BEGIN

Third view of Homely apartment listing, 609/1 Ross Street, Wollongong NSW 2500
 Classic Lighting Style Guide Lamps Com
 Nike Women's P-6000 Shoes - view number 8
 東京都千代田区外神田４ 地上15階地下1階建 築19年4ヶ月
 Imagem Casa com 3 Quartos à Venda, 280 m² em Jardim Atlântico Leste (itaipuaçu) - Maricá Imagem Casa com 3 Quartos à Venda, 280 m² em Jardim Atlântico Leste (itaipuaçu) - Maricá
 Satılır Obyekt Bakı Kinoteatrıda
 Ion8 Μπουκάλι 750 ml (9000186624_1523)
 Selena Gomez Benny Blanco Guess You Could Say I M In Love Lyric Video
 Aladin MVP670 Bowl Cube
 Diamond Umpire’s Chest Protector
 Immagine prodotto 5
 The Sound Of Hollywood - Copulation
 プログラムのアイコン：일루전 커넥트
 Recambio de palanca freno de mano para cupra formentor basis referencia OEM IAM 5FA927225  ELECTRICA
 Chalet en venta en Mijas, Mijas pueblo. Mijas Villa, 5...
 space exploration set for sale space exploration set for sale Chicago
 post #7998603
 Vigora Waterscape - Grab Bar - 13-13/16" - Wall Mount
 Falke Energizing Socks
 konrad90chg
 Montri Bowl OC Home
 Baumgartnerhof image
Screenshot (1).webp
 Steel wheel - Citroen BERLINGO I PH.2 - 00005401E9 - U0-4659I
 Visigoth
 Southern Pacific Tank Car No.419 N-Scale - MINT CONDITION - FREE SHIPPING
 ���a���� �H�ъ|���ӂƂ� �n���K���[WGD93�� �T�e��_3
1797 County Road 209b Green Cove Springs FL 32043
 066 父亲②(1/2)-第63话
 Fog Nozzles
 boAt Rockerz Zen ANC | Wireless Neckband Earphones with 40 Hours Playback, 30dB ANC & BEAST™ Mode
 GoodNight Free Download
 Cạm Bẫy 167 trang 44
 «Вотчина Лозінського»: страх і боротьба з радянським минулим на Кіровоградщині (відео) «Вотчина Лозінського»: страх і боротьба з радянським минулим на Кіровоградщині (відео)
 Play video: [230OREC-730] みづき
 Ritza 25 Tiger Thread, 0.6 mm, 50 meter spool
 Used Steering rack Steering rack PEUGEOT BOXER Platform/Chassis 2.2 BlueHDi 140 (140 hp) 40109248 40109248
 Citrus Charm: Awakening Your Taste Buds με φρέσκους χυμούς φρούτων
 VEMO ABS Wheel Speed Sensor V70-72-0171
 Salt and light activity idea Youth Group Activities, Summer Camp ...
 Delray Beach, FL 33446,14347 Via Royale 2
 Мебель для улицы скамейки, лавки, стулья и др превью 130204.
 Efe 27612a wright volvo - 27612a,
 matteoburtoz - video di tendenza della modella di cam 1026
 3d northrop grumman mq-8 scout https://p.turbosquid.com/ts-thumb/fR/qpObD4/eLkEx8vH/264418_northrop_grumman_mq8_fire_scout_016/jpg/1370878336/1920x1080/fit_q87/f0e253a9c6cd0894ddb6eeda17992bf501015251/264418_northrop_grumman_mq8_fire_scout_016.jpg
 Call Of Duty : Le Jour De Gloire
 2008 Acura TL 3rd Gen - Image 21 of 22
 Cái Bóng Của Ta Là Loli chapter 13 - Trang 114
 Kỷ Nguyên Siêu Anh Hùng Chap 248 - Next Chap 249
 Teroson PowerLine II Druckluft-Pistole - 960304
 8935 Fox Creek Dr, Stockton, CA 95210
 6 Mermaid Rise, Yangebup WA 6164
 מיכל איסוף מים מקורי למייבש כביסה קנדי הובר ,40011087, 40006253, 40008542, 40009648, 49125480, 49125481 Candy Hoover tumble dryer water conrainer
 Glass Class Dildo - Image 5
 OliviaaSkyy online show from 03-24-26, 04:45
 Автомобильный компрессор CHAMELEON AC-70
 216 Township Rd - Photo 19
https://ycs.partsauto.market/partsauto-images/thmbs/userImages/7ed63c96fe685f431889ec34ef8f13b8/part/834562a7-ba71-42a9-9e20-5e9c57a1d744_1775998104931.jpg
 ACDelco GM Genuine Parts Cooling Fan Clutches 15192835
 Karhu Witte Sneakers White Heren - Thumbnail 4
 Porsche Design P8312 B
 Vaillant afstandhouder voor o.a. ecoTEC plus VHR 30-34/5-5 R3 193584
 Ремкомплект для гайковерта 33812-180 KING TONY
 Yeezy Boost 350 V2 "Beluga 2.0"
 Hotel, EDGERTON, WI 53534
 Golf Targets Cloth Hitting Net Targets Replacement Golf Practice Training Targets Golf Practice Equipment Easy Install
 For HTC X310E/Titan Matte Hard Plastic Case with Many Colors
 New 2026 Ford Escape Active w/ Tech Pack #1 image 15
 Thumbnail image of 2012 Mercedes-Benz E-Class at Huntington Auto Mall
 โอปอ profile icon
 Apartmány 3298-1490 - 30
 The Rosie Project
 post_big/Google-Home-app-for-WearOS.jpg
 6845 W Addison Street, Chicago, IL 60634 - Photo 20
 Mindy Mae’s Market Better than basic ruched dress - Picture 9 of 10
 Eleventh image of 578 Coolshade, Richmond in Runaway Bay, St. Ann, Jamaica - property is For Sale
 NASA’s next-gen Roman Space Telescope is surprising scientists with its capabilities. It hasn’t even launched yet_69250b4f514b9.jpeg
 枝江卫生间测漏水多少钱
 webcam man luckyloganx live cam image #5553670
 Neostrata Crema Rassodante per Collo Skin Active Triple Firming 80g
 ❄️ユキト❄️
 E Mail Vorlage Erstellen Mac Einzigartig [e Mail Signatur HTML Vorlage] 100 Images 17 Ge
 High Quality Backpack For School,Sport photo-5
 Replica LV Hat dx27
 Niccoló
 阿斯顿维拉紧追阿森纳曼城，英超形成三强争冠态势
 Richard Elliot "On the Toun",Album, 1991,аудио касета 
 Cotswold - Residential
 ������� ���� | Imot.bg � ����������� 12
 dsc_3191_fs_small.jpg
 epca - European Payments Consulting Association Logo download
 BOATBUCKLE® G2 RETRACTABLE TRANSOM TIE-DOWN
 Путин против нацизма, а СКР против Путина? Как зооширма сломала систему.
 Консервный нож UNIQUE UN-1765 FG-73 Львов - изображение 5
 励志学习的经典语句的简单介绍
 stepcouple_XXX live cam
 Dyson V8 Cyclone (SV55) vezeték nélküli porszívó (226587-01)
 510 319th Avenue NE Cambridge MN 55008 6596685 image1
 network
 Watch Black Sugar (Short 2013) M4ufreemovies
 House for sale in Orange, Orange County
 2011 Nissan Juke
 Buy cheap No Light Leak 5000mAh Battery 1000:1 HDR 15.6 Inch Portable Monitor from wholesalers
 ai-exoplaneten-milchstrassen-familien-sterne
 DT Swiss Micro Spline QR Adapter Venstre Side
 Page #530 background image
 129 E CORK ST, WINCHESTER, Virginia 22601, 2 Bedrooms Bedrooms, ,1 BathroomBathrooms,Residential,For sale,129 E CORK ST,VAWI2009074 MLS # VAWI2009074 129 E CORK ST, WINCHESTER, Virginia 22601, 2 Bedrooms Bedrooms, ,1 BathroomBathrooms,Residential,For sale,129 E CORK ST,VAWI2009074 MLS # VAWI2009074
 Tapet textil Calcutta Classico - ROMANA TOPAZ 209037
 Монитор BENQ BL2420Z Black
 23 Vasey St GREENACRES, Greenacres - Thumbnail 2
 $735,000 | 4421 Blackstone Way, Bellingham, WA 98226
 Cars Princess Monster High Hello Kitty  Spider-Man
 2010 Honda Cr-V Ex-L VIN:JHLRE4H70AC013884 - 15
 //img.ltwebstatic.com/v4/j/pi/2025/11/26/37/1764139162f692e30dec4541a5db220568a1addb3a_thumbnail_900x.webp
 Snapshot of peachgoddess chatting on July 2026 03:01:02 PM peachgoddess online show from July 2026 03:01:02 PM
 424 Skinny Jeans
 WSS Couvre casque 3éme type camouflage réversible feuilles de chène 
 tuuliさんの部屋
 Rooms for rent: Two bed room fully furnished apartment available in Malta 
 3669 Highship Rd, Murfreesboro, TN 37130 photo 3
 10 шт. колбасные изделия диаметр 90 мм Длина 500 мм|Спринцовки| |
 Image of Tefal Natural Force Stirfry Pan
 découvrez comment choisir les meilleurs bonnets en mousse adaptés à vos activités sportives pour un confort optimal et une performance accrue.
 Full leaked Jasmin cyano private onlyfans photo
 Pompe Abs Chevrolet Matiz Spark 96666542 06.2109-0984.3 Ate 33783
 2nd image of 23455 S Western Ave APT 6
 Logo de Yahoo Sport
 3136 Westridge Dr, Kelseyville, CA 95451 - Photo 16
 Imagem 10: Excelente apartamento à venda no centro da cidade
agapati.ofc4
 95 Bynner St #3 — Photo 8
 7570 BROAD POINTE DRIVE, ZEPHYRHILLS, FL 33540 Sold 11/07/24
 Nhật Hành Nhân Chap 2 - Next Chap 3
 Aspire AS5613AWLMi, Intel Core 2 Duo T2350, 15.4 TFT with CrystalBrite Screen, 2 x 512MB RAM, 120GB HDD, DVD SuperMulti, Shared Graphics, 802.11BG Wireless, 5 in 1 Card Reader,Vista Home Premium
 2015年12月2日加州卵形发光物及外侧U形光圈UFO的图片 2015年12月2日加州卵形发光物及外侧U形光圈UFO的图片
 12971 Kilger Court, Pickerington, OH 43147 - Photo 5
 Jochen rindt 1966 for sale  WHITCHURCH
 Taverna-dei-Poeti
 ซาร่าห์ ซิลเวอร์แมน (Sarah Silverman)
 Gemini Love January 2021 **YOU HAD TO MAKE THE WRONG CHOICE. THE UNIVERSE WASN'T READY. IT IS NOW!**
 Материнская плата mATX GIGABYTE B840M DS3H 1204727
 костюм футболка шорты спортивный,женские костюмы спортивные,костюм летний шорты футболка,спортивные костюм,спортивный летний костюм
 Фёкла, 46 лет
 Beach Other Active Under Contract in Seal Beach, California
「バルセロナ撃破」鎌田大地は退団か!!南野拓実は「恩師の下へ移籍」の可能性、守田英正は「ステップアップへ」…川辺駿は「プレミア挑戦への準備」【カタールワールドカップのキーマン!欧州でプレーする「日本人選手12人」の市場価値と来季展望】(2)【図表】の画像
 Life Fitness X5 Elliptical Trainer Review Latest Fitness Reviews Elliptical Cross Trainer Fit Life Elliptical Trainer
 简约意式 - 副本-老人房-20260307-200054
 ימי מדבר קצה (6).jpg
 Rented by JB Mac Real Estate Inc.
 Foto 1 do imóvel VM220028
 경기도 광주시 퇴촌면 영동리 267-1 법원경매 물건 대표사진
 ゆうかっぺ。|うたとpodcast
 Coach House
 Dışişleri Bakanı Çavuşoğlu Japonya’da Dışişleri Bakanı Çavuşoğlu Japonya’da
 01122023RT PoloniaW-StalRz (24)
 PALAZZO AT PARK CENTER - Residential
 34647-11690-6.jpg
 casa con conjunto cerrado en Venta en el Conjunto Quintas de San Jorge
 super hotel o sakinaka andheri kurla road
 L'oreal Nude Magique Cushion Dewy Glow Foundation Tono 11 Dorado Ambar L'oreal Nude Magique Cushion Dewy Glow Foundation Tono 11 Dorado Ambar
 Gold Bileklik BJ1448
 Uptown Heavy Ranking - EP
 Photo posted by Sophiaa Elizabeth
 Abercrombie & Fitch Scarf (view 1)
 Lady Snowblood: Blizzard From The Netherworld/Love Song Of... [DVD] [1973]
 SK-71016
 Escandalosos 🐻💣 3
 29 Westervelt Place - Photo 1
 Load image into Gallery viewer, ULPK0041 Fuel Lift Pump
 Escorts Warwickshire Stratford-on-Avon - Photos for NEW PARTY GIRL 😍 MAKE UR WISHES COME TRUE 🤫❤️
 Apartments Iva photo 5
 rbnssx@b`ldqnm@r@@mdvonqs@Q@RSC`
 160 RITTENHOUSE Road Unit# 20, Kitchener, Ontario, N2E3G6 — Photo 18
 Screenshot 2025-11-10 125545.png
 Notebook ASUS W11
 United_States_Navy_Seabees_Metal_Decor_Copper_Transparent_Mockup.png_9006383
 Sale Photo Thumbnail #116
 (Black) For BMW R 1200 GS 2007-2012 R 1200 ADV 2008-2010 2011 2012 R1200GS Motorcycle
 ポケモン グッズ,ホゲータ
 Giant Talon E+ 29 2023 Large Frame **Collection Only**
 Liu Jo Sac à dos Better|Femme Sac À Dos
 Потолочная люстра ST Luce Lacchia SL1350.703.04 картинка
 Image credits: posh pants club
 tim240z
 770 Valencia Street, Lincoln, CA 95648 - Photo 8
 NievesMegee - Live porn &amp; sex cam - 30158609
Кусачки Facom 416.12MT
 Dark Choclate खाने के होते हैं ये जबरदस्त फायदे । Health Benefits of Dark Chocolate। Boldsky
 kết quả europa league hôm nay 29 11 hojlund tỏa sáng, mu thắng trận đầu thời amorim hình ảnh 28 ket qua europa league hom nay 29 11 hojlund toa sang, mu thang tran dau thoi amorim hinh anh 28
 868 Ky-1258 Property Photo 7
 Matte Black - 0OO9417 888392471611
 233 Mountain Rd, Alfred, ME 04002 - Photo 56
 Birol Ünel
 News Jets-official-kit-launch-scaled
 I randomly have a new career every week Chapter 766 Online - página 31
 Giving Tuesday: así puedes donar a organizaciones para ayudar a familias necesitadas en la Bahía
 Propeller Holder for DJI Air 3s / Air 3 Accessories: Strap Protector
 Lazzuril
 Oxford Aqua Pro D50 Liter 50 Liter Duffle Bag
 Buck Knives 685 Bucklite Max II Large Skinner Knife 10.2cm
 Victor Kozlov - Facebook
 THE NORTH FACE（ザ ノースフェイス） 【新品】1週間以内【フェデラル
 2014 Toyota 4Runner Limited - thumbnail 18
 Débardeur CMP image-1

END

How many lines of the entries above contain the word "MAKE"? Give the number alone.

2